Personal information
- Full name: Alfred Gardiner Hastings
- Born: 29 October 1847 Deal, Kent, England
- Died: 29 December 1916 (aged 69) Brook Green, Middlesex, England
- Batting: Right-handed

Domestic team information
- 1869: Marylebone Cricket Club

Career statistics
| Competition | First-class |
| Matches | 1 |
| Runs scored | 1 |
| Batting average | 0.50 |
| 100s/50s | –/– |
| Top score | 1 |
| Catches/stumpings | –/– |
- Source: Cricinfo, 6 May 2021

= Alfred Hastings =

English cricketer and solicitor

Alfred Gardiner Hastings (29 October 1847 – 26 December 1916) was an English first-class cricketer and solicitor.

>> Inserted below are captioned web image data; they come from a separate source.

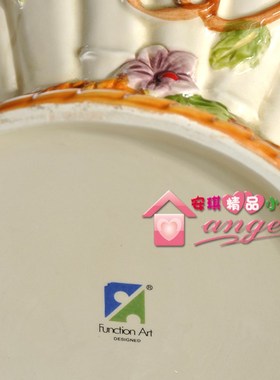欧式招财大象陶瓷花瓶花器家居饰品結婚礼品摆件婚庆玄关客厅摆件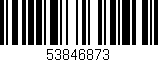 Código de barras (EAN, GTIN, SKU, ISBN): '53846873'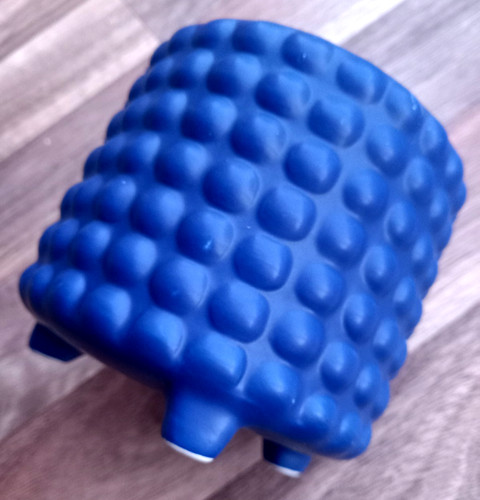 New blue ceramic bubble - blue,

The son of Henry Cadogan Hastings, who was the Chief Constable of Surrey Constabulary, he was born in October 1847 at Deal, Kent. Hastings was educated at Winchester College, where he was in the cricket eleven. From Winchester he went up in 1866 to Corpus Christi College, Oxford. In 1868 he appeared twice at county-level for Shropshire while playing at club level for Hawkstone. A student of the Inner Temple, he was admitted as a solicitor in 1869. In the same year he made a single appearance in first-class cricket for the Marylebone Cricket Club (MCC) against Hampshire at Southampton. Hastings opened the batting for the MCC, being dismissed in both MCC innings by Charles Martin for scores of 0 and 1 respectively. Wisden described him as "over cautious as a bat, but remarkably neat and finished in style. He was good at point." As a solicitor, he was said to have "somewhat seedy clients". He was struck off in 1887 for alleged corrupt practices, having been unable to account satisfactorily for large sums of money committed to his trust by the politician William Evelyn. Hastings also had severe financial difficulties and he and his family were repeatedly bankrupt, necessitating his wife, Kate Comyns Carr (who was a painter and the sister of J. Comyns Carr) to take their two sons to continental Europe until there was enough money for the family to return to London. He eventually sent a message to Kate saying his financial position had improved, however this was not the case, and upon their return the family moved between cheap hotels. His youngest son was Patrick Gardiner Hastings, a prominent barrister. Hastings died at Hammersmith on Boxing Day in 1916.